Про все про это Осман в корчме рассказывал. А на другой день, сами знаете, нашли его на том же берегу с перерезанным горлом.

— Да и Радиня брат, которого под Лиепиневым мосточком в речке нашли, он ведь тоже накануне по дороге в кабак увидал, как все ольхи да березки вдруг низко склонились, и тут черный, важный такой барин быстро-быстро перебежал ему дорогу.

— Сказывают, завсегда оно так бывает: это душа того, кто не своей смертью помер, ищет себе замену. Сыщет замену — успокоится. А то ей приходится в полдень да в полночь по белу свету мыкаться.

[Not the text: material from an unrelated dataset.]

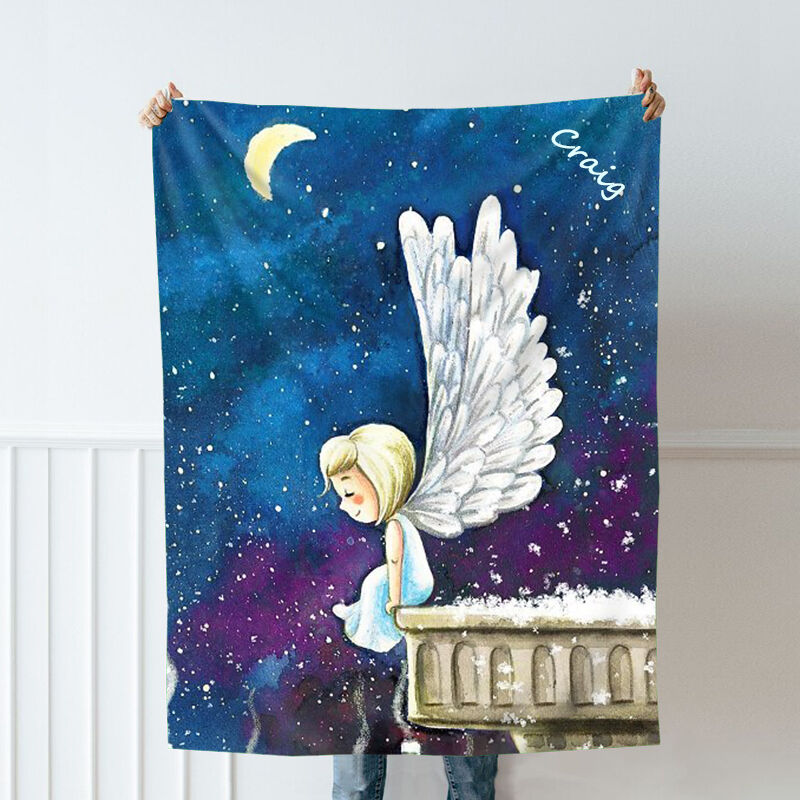 Personalized Name Blanket with Angel Starry Sky Moon Pattern Stylish Gift for Family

Тут после долгого молчания снова встревает тоненький голосок:

— Вот-вот, так оно и есть. А не скроешься от нее или с перепугу оторопь возьмет, тут тебе и конец. Помню, в Скрузанах мы жили, и однажды у пастуха разбрелись козы. Пригнал он всю скотину домой, а коз нету. «Не иначе, они на кладбищенский бугор забрели, — говорит хозяин. — Молодые сосенки для них первое лакомство». Что ж, побежал пастушонок на кладбище. Видит, у самой кладбищенской ограды козы молодые побеги щиплют, уже и охмелели совсем: скачут, головой мотают, всяко выдрючиваются. Время было аккурат полдень, и птицы позаснули, будто ночью, и вся живая тварь затихла, и ветер успокоился. Под бугром в Утином прудочке козы стали воду пить. Пастух рядом стоит и вдруг чует — кто-то ему спину холодными пальцами щекочет. Взял и обернулся. Боже милостивый! Шагах в десяти, не дальше, стоит мертвец! Пастушонок заголосил и давай коз подхлестывать, домой гнать. А сам слышит: мертвец за ним гонится, в кустах треск.